Il y pique une plume de poulet.
Résumons-nous : l'homme est peu de chose. Comment disait donc cette vieille dame sur la tombe de Napoléon ? « Dire qu'il est maintenant sous cette dalle !... Lui qui aimait tant aller et venir !... »
Note : Deux références à Cantharodrome sur Google. The flight of Icarus et la littérature et son autre de Christine Baron. Livre dont Vialatte aurait sans doute fait une chronique à partir de la première page.
Alexandre Vialatte par Pascal Sigoda sur Google Books Référence Queneau
4 commentaires
Merci !
C'est une superbe (et bien étrange) chronique.
Je n'arrive pas à décider si le texte est narquoisement farceur ou franchement hostile sous les apparences de la légèreté. C'est assez troublant de lire Vialatte reprocher à Queneau des vices qu'on pourrait facilement prendre pour les siens : attachement à des formes désuettes, goût du "vieux papier" et des vocables rares... Même leurs personnages se ressemblent : polis, un peu absurdes, coiffés d'un chapeau mou, tiraillés sans cesse entre l'ontologie et la pêche au goujon...
Le passage où on sent le mieux un désaccord poindre, c'est celui sur les "personnages miteux habitant des banlieues calamiteuses". Ca, effectivement, ce ne semble pas être la cup of tea d'Alexandre, dont l'Homme est absurde tragiquement, philosophiquement, sans jamais s'abaisser complètement à posséder une condition sociale...
Mais enfin les points communs me semblent l'emporter largement sur les oppositions. Peut-être y a-t-il aussi une composante sociale et politique à cette apparente animosité entre le Parisien mondain et de gauche, pilier du plus prestigieux éditeur de la capitale, et le provincial plutôt conservateur et moins reconnu par les institutions et le milieu littéraires ?
Je me demande si l’animosité n’est pas dans notre tête parce qu’on connaît un peu trop la vie et les opinions politiques des deux protagonistes.
Ce qui les unit, leur amour pour une langue riche et extensible, leur goût de l’absurde, de l’insolite et de l’excentrique est bien plus fort que ce qui les sépare.

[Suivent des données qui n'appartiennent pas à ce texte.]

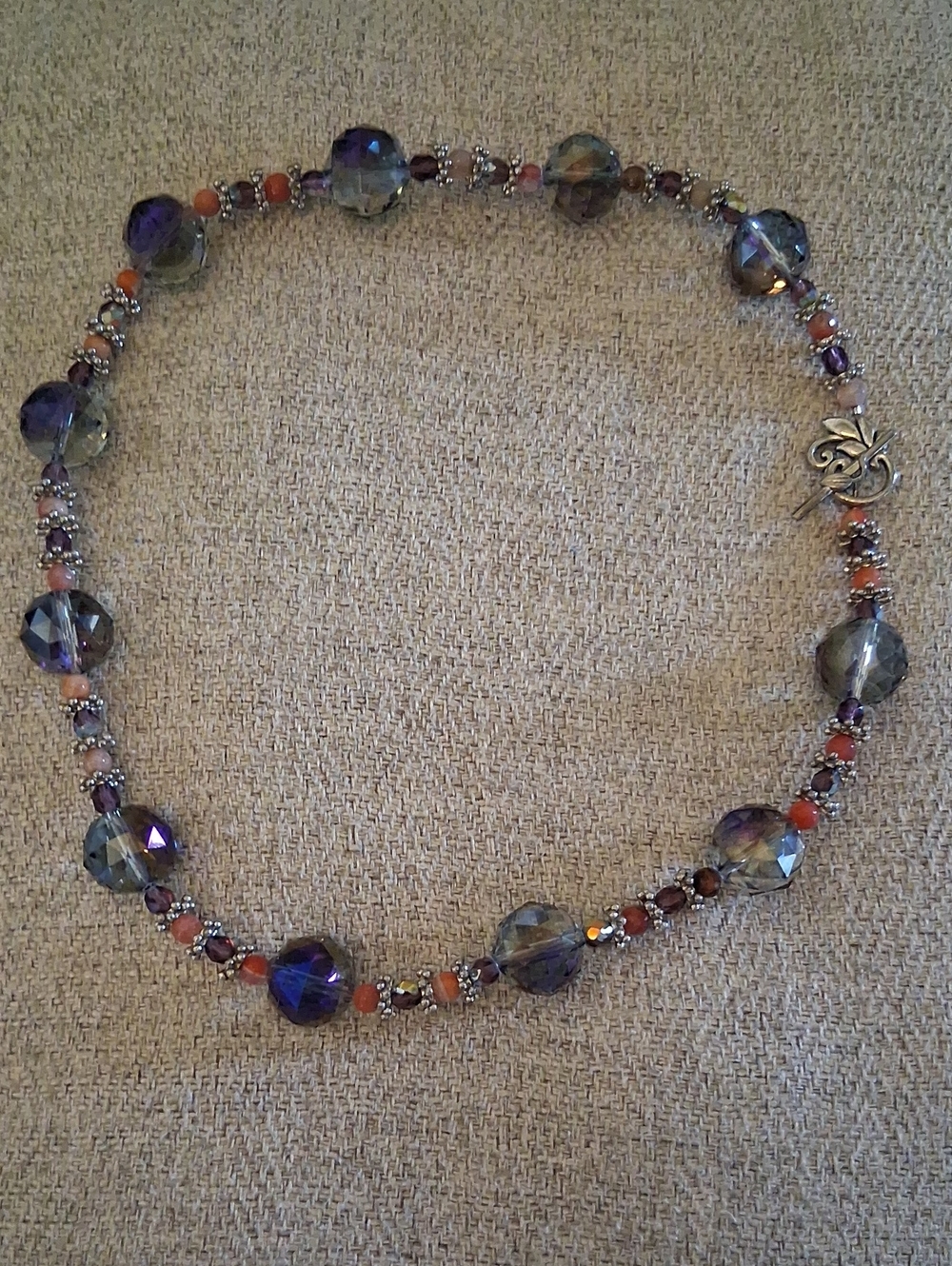 Handcrafted Purple Beaded Crystals Statement Necklace - Elegant Women's Jewelry - Picture 3 of 8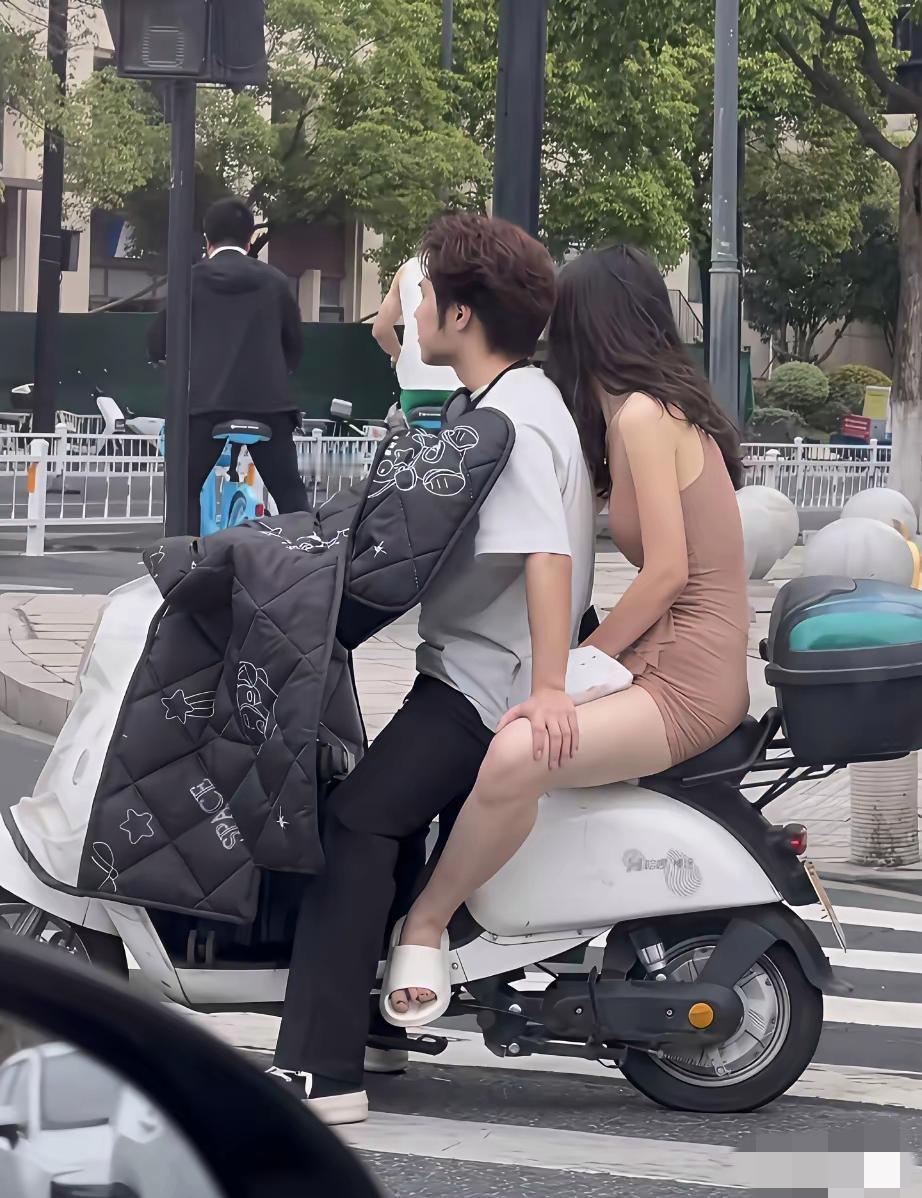 原来浪漫不一定需要四轮，两轮的后座，也能装满偏爱。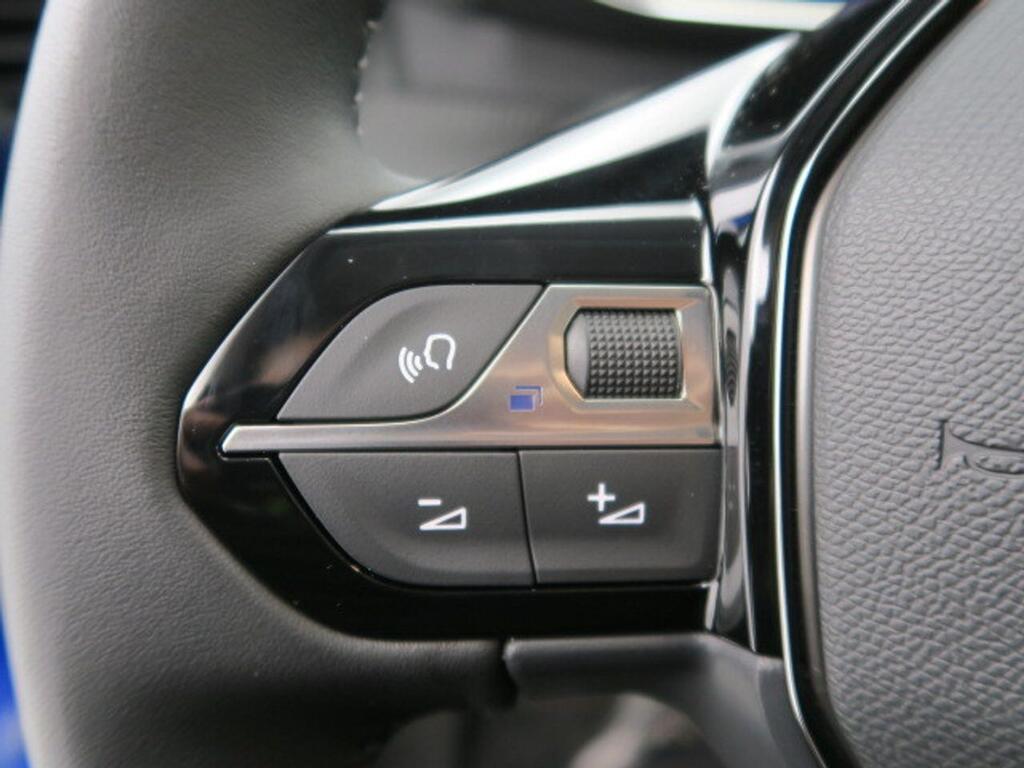 Peugeot 208 Eléctrico Allure Pack 10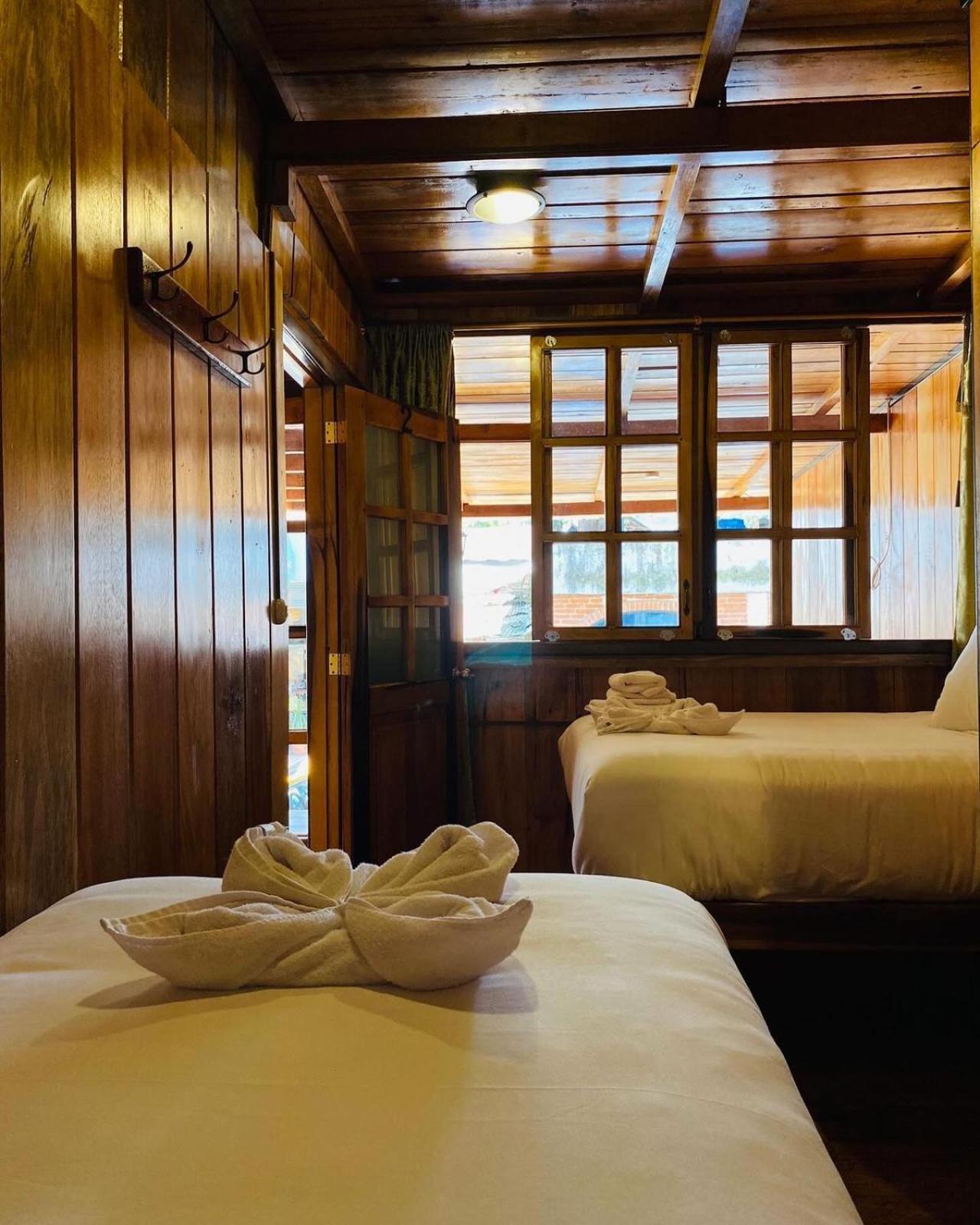 Guayabo Hostal Mindo Ruang foto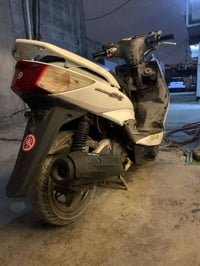 دراجة نارية • للبيع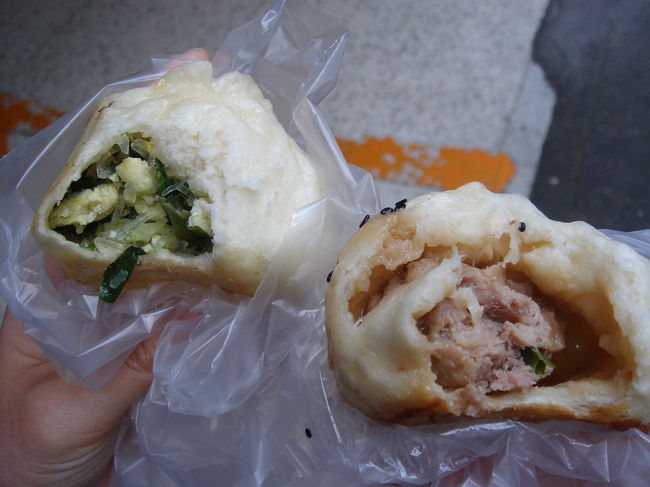 食べかけでゴメンナサイ。<br />左がネギたっぷりのまんじゅう。<br />右が肉汁たっぷりのまんじゅう。<br /><br />台湾って、こういう何気ないのがホントおいしいですよね。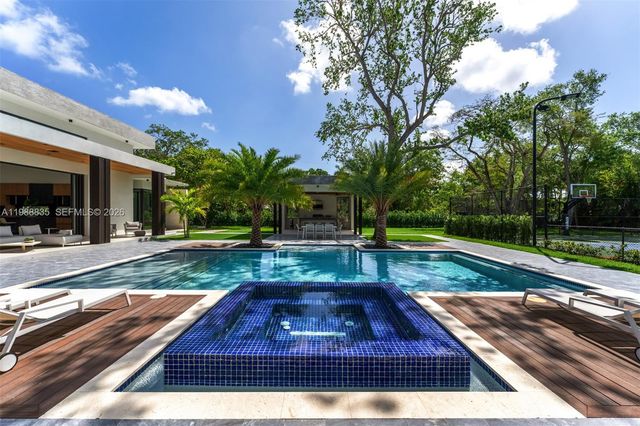 9790 SW 114th St, Miami, FL 33176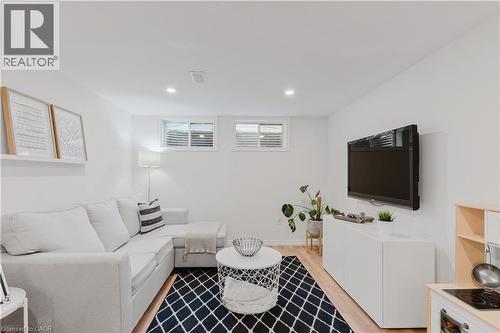 42 Fourth Avenue, Cambridge, ON - Indoor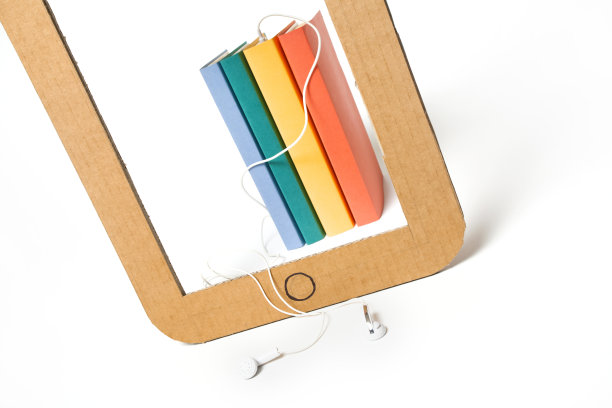 在平板电脑上听有声读物的概念纸插图图片下载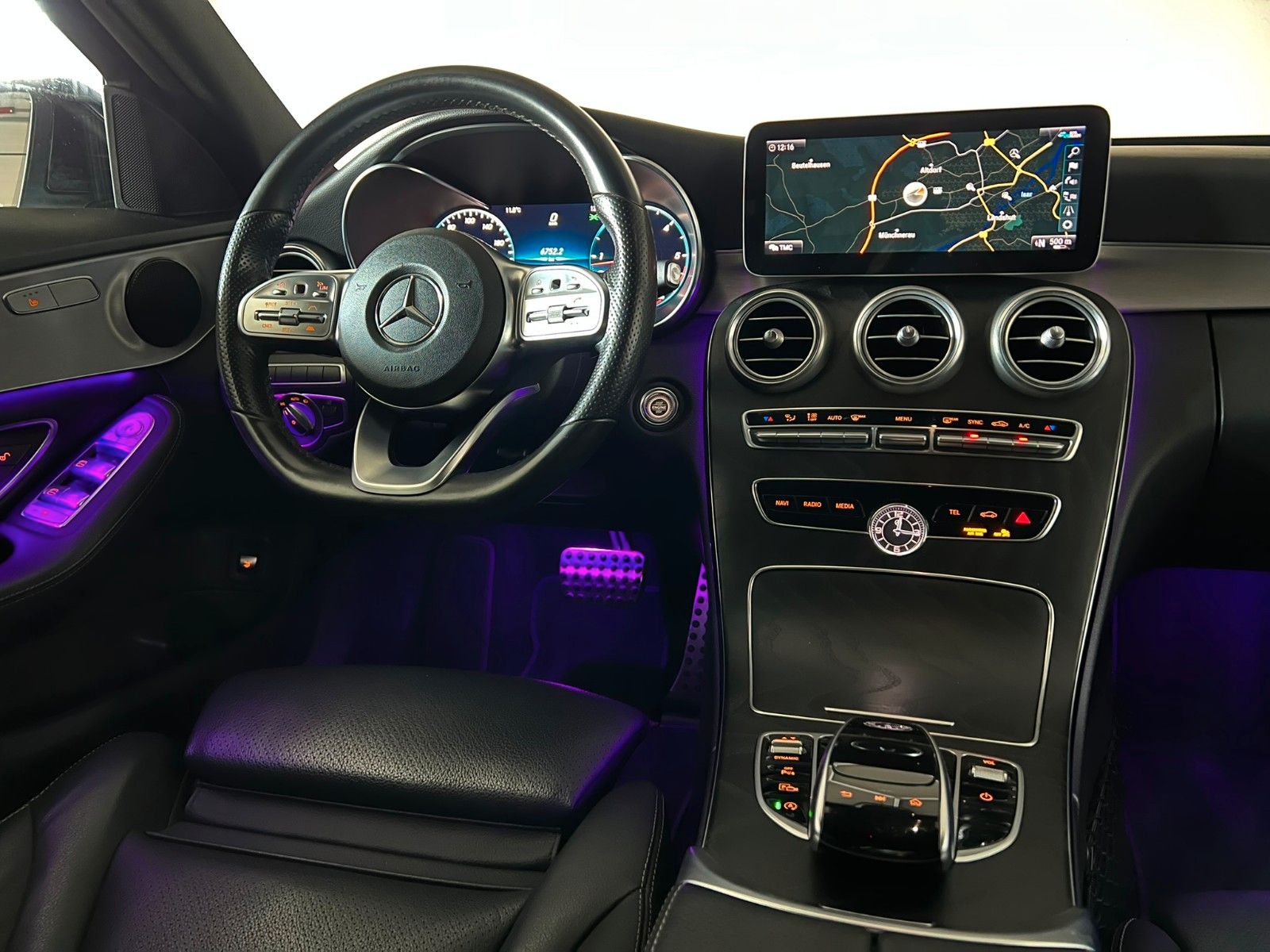 Fahrzeugabbildung Mercedes-Benz C 300 d Lim. AMG-LINE/COMAND/KAM/VIRCO/AMBI+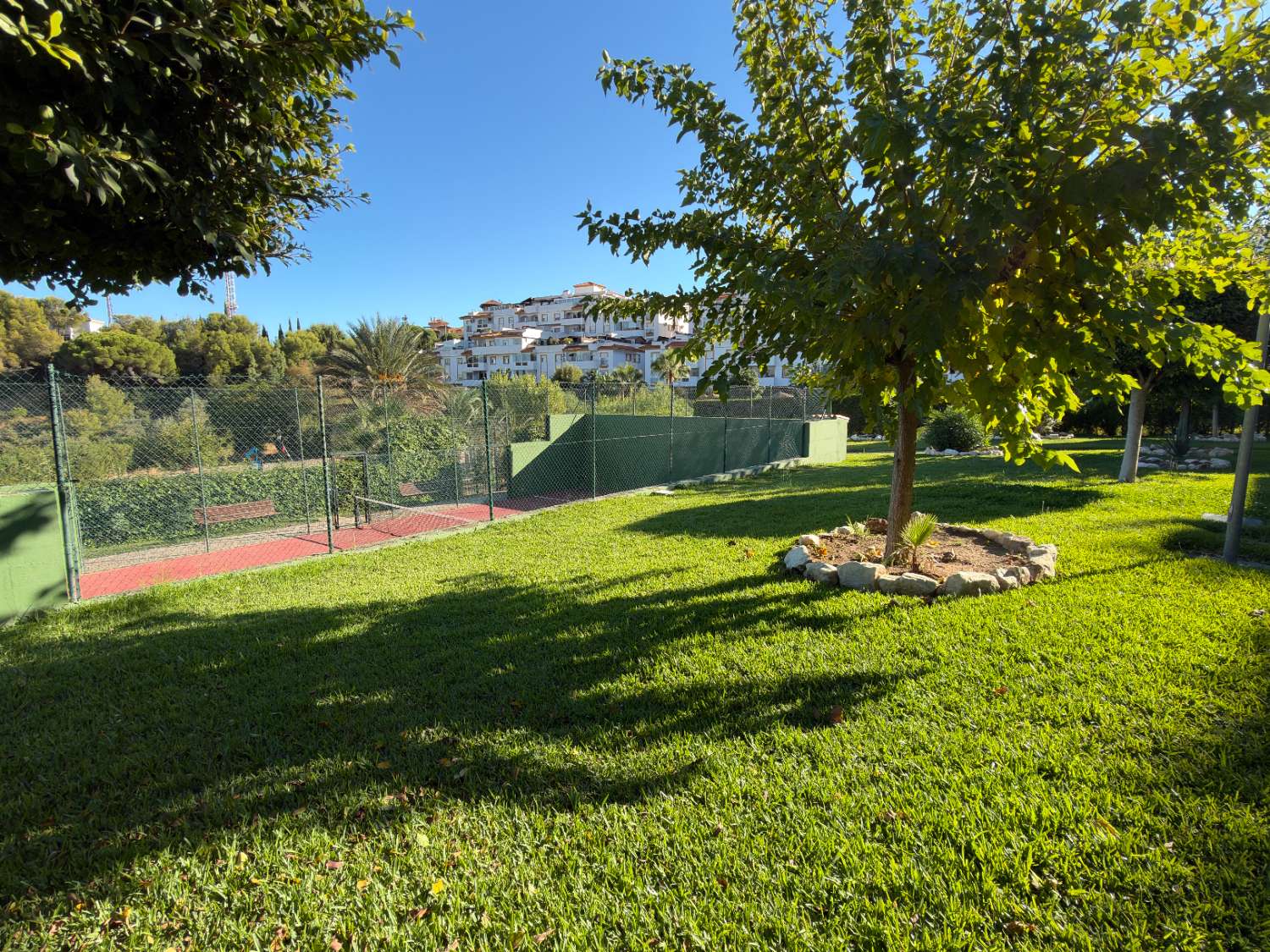 Ático con vistas al mar y a la montaña, y una terraza de más de 200 m² en Benalmádena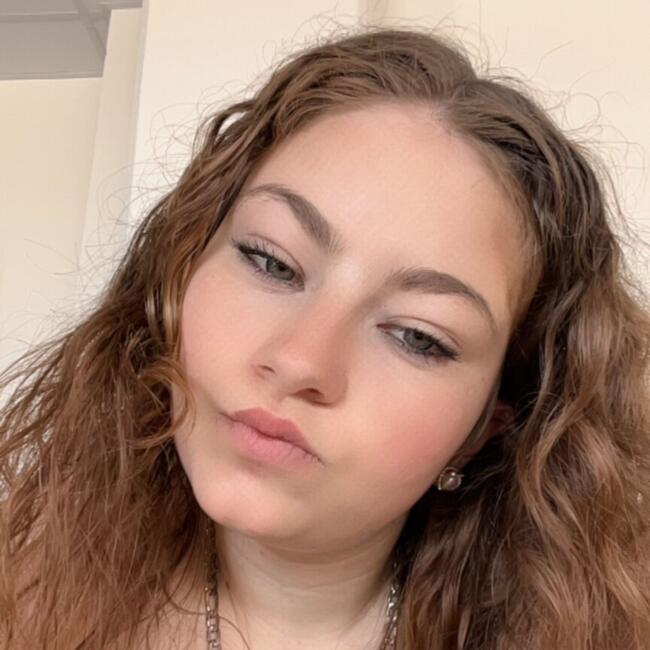 Babysitting job in Saint-Sauvant: Celia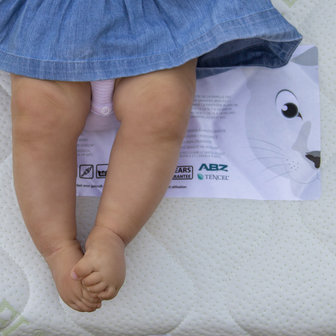 ABZ Zzzoo babymatras Tencel Witte panter 60x120 HR 30 koudschuim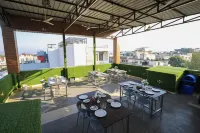 The Hoften Vibranta Haridwar - Hot Tub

Ce sont tous deux des originaux, des artistes et je suis sûr qu’ils devaient faire passer leurs goûts littéraires bien avant leur choix politiques. Je ne trouve pas, même dans le passage sur les banlieues calamiteuses qu’il se montre hostile à Queneau.
Quelques éléments qui le confirment dans le livre Alexandre Vialatte par Pascal Sigoda (lien à la fin de la note)
Tu as sans doute plus d'éléments que moi pour en juger, et tu as donc sans doute raison. As-tu lu le Pasacal Sigoda ? Ou une bonne biographie du père Alexandre ? Et tiens sinon, je profite de cette réponse pour te signaler que l'article de Wikipedia sur Vialatte est scandaleusement insuffisant et anecdotique. If va falloir y que quelqu'un se dévoue pour y remédier...
Non, je n'ai pas lu le Pascal Sigoda ni le Ferny Besson qui était sa correspondante. J'ai lu le livre de Denis Wetterwald qui n'est pas terrible. Je me rend compte qu'il y a pas mal de choses que je n'ai pas lues de Vialatte. C'est vrai que l'article est un peu pauvre. Peut-être que je m'y attaque un de ces jours.